I took a deep breath.

"Today, at an MRI office, a nurse gave me her phone number. Well, actually, a co-worker of hers gave it to me, I guess she was too embarrassed or whatever, but I didn't do anything and I threw the number away-- I don't think I even talked to her-- I mean, there were three nurses working there, I don't even know which one it was. But... I just wanted to tell you, because I don't want to disrespect you. I love you."

My wife rolled her eyes.

"Bobber," she said, running her hand through my worried hair, "it's okay. I think it's kind of cool, actually-- that I have this hot commodity that other chicks want. You're behaving like you did something wrong-- you're so funny."

Later that year, I had another confession to make.

My wife, being a crafter supremo, had a pair of special fabric scissors, orange-handled Fiskars. They're special, and they're expensive. She loved and depended on these Fiskars, and she was so invested in them that she even wrote her name on the blade in black Sharpie marker.

Weird, right?

Well, you know those super-sealed plastic packages that cell-phones and other electronica come encased in that cannot be opened with anything short of copious amounts of C-4? Well, home alone, I needed to open one of these packages and, not having any C-4 handy, I grabbed the closest destructive implement I could find-- Mrs. Apron's Fiskars. And, in the process of cutting the package, half of the handle broke off. I was totally fucking beside myself. I immediately floored it to a small independent fabric store, the broken pair of scissors on the passenger seat. I was convinced that, if I did not immediately purchase and replace the scissors that my wife would stab me straight through the heart with the broken pair.

And, if the judge was a crafter, she'd probably beat the murder rap.

At the fabric store, I ran to the scissor section (I know, I was running with scissors. Naughty-naught.) and there, a portly woman in a hijab was picking up the last pair of identically-sized Fiskars. Talking at a thousand miles a minute, I babbled about my indescretion to her-- told her the whole fucking stupid story and begged her to let me have the new pair, even offering to give her the broken pair I had in my hand, plus paying her the retail cost of the Fiskars, because I am totally insane. To my astonishment, she took the broken pair, saying they were still useful, even with half a handle and my wife's name on them, and she left the store. I couldn't believe it. Behaving like a maniac in public had, for once, actually paid off for me. I jubilantly brought the new Fiskars scissors over to the counter and paid the hefty fee.

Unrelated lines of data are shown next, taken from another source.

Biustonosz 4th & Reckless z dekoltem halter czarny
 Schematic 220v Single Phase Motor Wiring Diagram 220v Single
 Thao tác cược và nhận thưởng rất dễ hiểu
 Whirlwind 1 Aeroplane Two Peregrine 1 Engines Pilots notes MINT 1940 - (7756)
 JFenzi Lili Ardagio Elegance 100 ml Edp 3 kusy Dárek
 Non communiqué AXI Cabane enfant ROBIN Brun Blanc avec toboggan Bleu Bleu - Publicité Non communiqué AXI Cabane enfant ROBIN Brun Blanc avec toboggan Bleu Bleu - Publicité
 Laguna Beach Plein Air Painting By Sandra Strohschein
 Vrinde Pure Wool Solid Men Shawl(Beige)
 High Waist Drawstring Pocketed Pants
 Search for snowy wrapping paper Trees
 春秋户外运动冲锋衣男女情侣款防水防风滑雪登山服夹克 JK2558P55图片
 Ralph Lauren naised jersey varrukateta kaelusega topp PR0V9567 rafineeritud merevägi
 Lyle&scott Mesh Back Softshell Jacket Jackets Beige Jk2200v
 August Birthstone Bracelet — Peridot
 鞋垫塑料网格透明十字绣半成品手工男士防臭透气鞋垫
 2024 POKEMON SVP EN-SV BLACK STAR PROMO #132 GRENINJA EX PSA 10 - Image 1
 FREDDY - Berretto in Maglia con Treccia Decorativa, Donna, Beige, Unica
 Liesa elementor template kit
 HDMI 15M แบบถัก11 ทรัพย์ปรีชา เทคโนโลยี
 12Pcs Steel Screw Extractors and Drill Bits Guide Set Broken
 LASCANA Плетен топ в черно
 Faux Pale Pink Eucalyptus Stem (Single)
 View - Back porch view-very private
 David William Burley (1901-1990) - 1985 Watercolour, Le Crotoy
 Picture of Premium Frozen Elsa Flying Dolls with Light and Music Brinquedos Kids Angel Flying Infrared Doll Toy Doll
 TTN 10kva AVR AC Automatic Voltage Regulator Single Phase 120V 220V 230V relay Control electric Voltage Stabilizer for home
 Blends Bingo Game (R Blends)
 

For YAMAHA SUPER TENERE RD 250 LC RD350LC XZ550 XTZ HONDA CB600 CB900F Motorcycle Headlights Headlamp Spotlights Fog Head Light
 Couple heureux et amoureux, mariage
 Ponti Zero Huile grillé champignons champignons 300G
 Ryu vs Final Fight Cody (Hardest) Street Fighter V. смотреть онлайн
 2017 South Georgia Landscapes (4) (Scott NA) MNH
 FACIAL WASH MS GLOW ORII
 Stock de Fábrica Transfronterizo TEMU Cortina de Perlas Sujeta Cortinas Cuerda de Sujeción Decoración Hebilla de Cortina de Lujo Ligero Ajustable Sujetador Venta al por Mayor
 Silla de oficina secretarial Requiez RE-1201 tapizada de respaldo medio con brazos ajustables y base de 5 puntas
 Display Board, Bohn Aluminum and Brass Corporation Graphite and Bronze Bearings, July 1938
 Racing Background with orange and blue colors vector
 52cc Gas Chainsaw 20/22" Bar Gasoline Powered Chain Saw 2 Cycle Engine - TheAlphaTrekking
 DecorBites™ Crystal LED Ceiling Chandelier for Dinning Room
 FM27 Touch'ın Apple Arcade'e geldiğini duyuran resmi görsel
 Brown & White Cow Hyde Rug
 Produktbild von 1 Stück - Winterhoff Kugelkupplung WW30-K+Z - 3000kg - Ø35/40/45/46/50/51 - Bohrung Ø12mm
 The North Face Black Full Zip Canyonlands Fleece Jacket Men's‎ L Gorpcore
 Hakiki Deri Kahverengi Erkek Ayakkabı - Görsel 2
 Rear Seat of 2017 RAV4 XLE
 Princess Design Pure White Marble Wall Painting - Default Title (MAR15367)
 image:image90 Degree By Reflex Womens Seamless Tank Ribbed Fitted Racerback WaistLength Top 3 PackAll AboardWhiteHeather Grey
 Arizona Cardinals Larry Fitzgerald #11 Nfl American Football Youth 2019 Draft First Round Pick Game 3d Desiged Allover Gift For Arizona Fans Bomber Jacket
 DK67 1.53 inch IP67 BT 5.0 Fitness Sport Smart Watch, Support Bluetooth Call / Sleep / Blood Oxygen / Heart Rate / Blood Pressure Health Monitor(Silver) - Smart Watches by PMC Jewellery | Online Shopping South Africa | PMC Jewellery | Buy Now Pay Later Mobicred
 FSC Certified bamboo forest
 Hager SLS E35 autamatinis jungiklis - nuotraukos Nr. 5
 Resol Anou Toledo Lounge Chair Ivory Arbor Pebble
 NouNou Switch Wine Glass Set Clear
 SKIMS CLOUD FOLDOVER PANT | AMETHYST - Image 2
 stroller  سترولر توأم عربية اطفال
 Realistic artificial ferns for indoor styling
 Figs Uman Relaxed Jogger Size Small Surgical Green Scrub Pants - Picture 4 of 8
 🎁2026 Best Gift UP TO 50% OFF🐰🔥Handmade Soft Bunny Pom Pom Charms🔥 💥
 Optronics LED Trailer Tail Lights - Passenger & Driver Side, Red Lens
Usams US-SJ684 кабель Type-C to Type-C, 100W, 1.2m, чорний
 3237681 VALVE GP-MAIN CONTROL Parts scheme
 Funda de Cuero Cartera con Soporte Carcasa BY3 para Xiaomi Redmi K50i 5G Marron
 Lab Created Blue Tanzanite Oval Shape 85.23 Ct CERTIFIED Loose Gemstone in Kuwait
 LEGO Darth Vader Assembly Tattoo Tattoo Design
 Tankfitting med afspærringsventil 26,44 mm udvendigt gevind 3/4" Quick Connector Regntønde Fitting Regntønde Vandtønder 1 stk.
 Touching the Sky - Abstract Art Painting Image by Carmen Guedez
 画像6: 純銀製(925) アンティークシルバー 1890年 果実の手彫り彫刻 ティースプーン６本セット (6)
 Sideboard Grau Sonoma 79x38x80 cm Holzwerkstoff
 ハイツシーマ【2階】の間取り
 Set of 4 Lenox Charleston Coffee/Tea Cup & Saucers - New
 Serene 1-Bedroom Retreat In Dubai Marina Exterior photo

I tore open the packaging and threw it away, along with the incriminating receipt. After arriving home, I found a black Sharpie marker and wrote my wife's name on the scissors, and put them back in the container with all her other sewing crap. The still-life was complete again. A day or so later, I was watching her craft at her table and I blurted out a spontaneous confession.

"Oh, Bobber," my wife said, "I knew you'd done something to my scissors."

"How the hell did you know that?" I asked, confident that I had expertly covered my tracks. She smiled at me, holding up the scissors.

"You wrote my name on these upside-down."